Unsurprisingly, inactive email addresses are less valuable than active addresses as they show very little engagement. Aside from the fact that recipients are less likely to see their emails, thus reducing campaign effectiveness, sending marketing emails to less active email addresses also has a negative impact on overall deliverability.
When Mailbox Providers (MBPs) spot a program that is generating little to no engagement, they are more likely to filter messages or block future emails altogether.
Maintaining good list hygiene by verifying the email address before adding it to a mailing list vastly improves the quality of email signups. This can easily be done with an email validation service, reducing invalid sign-ups and bounce rates, and improving sender reputation, email engagement and, ultimately, future campaign success.
Increasing the percentage of primary email addresses should also be a priority. Success against this objective is a function of trust between brand and subscribers, and also establishing a clear value proposition.
Onboarding
The second lifecycle stage is onboarding. New subscribers may have been acquired, but they have not been won over yet. It is easy to scare off new subscribers by flooding them with marketing emails. Indeed, spam complaints are vastly higher for new emails, with a brand’s first email averaging a complaint rate of 4 percent compared with an email average of 0.17 percent.
Complaint rates also remain higher over the first year but can be reduced by providing greater transparency around frequency and content of the emails they receive. In fact, this is a crucial element of the General Data Protection Regulation (GDPR) introduced in 2018. According to these rules, marketers must ensure they are clear not only about how the subscriber’s data will be used, but also the types of communication they will receive from the sender.

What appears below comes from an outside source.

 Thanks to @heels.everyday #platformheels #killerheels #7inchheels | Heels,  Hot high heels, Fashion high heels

Aside from GDPR, making the subscriber an active part of the process enables brands to cultivate a more positive relationship with their customers and provides valuable data to create more bespoke (and successful) campaigns for them in future.
Engagement
Engagement is the third lifecycle stage. The easiest way to measure subscriber positivity is by looking at the engagement generated when emails are sent. Higher engagement, indicated by subscribers opening, replying and forwarding emails, demonstrates brand loyalty, as well as a maintained interest in the brand.
The benchmark report shows new subscribers generate much higher average read rates for marketing emails. This is likely because new subscribers are curious about the content of the emails and are assessing whether they offer any value.

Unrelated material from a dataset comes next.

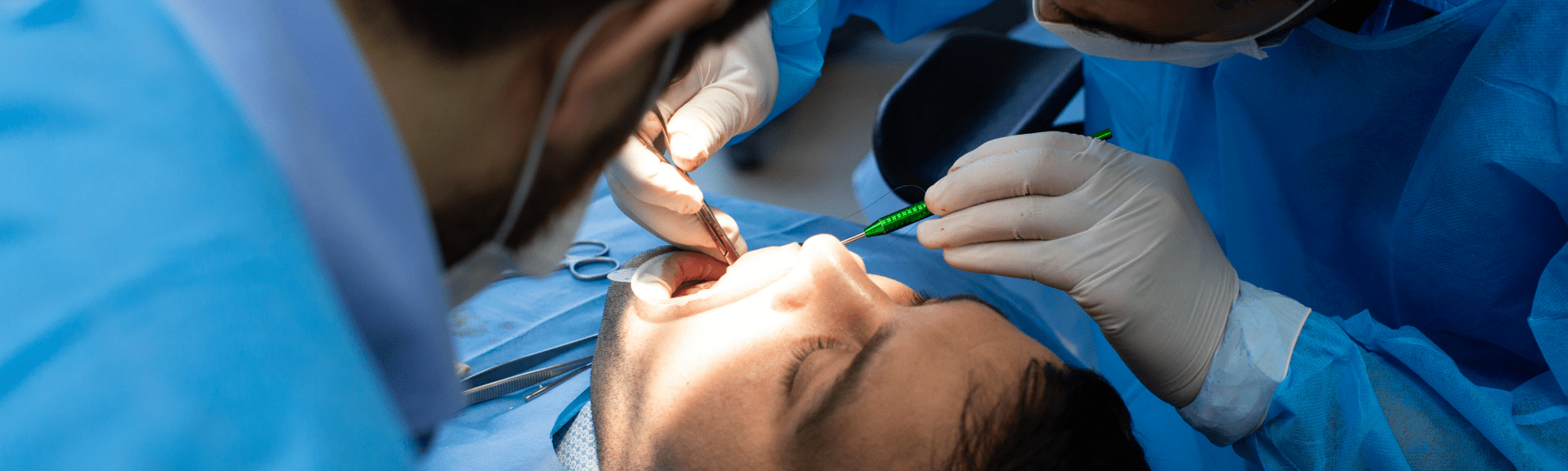 Tooth extractions service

First emails received have an average read rate of 39 percent – with only 47 percent active email addresses, this is very high indeed. Average read rates drop to 35 percent in the first month, and then 32 percent over the rest of the year; still much higher than the long-term average read rate of 22 percent. The window to keeping subscribers engaged closes rapidly over the course of the year, so generating early engagement is key.
The best technique for achieving this is to identify the individual preferences of subscribers, in terms of content and frequency of emails, as well as noting the types of emails they engage with in the most positive fashion.

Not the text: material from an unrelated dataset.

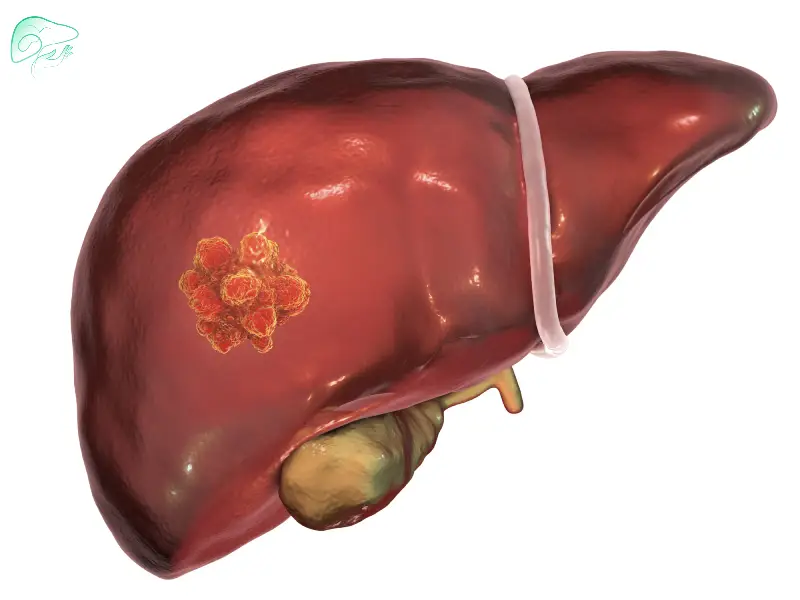 علائم همانژیوم کبدی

Senders also need to work hard to continually restate the value their subscribers get from being members of the program. Doing so means they can build much more targeted, relevant email campaigns that resonate with recipients, and keeping the emails out of the MBPs’ spam filters too.
Retention
Most MBPs now offer easy unsubscribe options for the emails that fail to generate engagement, and is some cases after as little as 30 days. This means a strong focus on retention needs to happen much sooner, and is even more crucial for long-term success.
Retention is a function of a brand’s performance over the lifecycle of the email marketing campaign. Care must be taken in the acquisition, onboarding and engagement stages to keep recipients active by considering their preferences and cultivating a positive subscriber relationship.
Keeping subscribers interested and engaged with an email program is an ongoing process. Customer relationships are dynamic, so it’s important to keep an eye on engagement at different stages of the subscriber lifecycle.
Research published by Invesp shows it is five times more expensive to attract new customers than retain existing customers, so investing in the retention of current subscribers makes more financial sense in the long run. If a brand has 100,000 subscribers then a one percent improvement means an extra 1,000 people potentially spendingmoney on their business – so it is definitely an issue worth addressing.